Но падре даже не поднял головы, продолжая внимательно рассматривать причудливую резьбу на рукоятке.

— Язычники, — негромко приговаривал он, постукивая твердым ногтем по деревянным узорам, — приносят человеческие жертвы… Поклоняются Солнцу… Культ предков…

— Золото! — прервал его бормотание Норман. — Много ли у них золота?

— Для тех, чьи останки покоятся на дне этой лагуны, его оказалось вполне достаточно, — проговорил падре.

Норман хотел что-то ответить, но тут с кормы раздался крик Люса.

— Плывут! Плывут! — завопил он, размахивая сорванным с головы платком.

Норман быстро перебежал на корму и, припав к борту, стал всматриваться в быстро приближающиеся лодки под зелеными, сшитыми из широких листьев парусами. Люс спрыгнул в отсек под кормовой палубой, направил в сторону зеленой флотилии стволы всех четырех пушек и встал между ними с горящим фитилем в руке.

Лодки подплывали все ближе; уже стали отчетливо видны их круто вздетые, связанные из толстого тростника носы; затем острые глаза Нормана различили на фоне зеленых парусов разукрашенные белой и красной глиной человеческие лица, но в тот миг, когда он уже готов был взмахом кружевного манжета подать знак застывшему в готовности Люсу, на носу ближайшей лодки показалась золотая голова Эрниха.
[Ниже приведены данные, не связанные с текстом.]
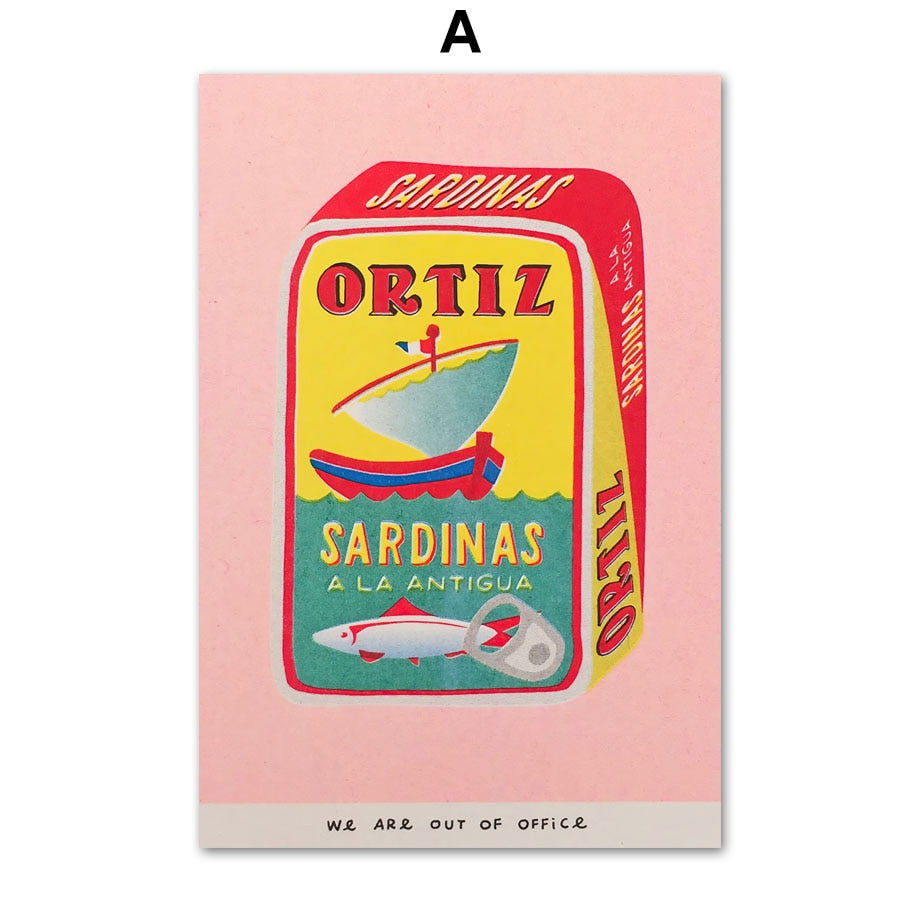 Arthia Designs - Pink Cherry Canned Sardine Canvas Art - Review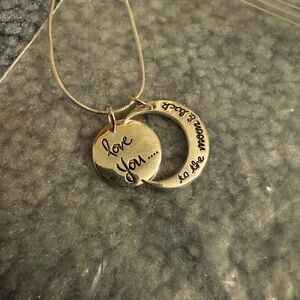 Silver Love You to the Moon & Back Pendant Necklace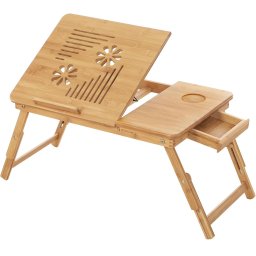 Masa de pat pentru laptop Songmics, pliabila si reglabila, bambus, 55x35 cm
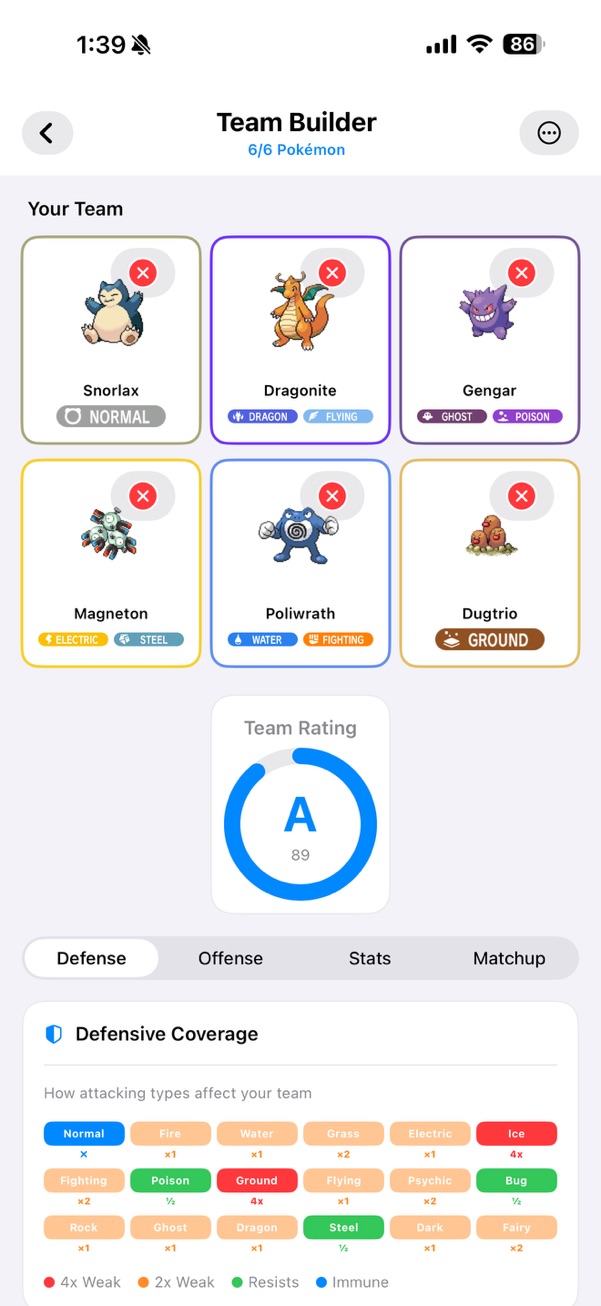 Team Builder screen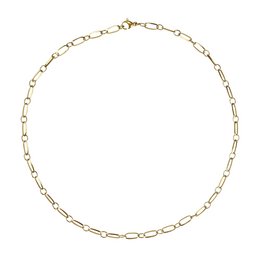  Gold link chain bracelet, elongated oval links, shiny metallic finish, adjustable charm bracelet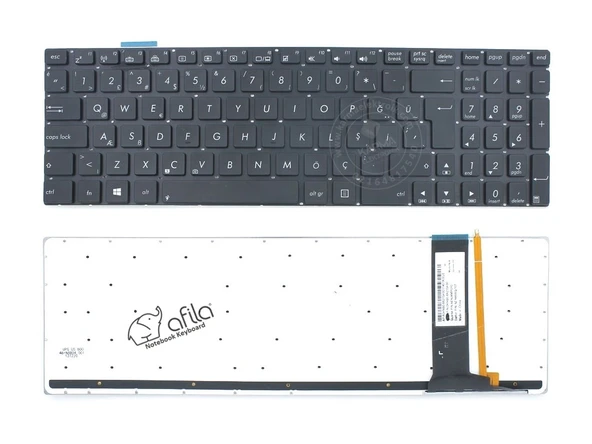 Asus N56 N550, N550J, N750, N76, G550, Q550 Serisi Klavye (Siyah TR) ışıklı ürün görseli 1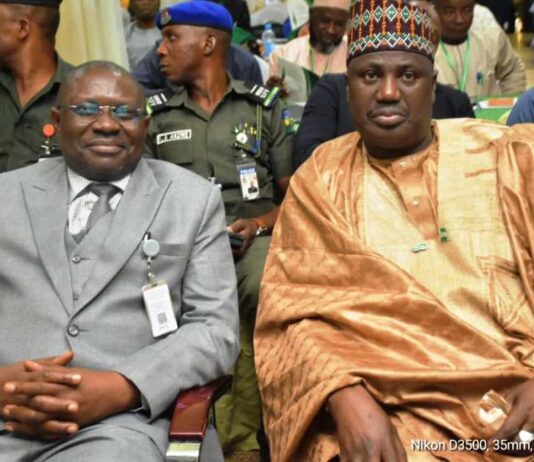 L-R, the Permanent Secretary,FMAFS, Dr Marcus Olaniyi Ogunbiyi and Minister of State for Agriculture and Food Security, Sen.Dr Aliyu Sabi Abdullahi, during the summit in Abuja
— Эй, Норман! — крикнул он, весело сверкнув зубами на солнце. — Как видишь, моя прогулка удалась! Я не только вернулся сам, но и привел с собой этих доблестных мужей, готовых поднести нам лучшие плоды своей благословенной земли!

— Преклоняюсь перед величием твоего подвига! — отозвался Норман. — Но как тебе удалось с ними договориться?

— Ты спрашиваешь о языке?

— Да.

— Вряд ли я смогу это кому-либо объяснить, — задумчиво сказал Эрних, — но иногда я думаю, что все люди, на какие бы племена и народы они ни были разделены, происходят от одного общего предка и говорят на одном языке, — надо только уметь слушать этот язык! Ты понимаешь меня?

— Нет, — покачал головой Норман, — не понимаю.

Тем временем лодки, сухо шурша на ветру зелеными листьями парусов, уже швартовались к обоим бортам корабля. Первым поднялся на палубу Эрних, следом за ним по веревочной лестнице ловко вскарабкался высокий стройный человек в пышном шлеме из радужных перьев и в накидке из темно-красного пятнистого меха. Когда Эрних пощелкал языком и торжественным жестом указал на подходящего к ним Нормана, человек плотно прикрыл татуированными ладонями лицо, густо облепленное разноцветной глиной, и застыл в почтительной позе. Над палубой повисла тишина. Гардары настороженно поглядывали на людей в лодках, на Бэрга, сидящего в одной из них и невозмутимо срезавшего ножом длинную спираль кожуры с какого-то неизвестного плода. И только падре внимательно разглядывал густую сеть татуировок на темно-красном теле человека и, словно читая развернутый свиток, беззвучно шевелил губами.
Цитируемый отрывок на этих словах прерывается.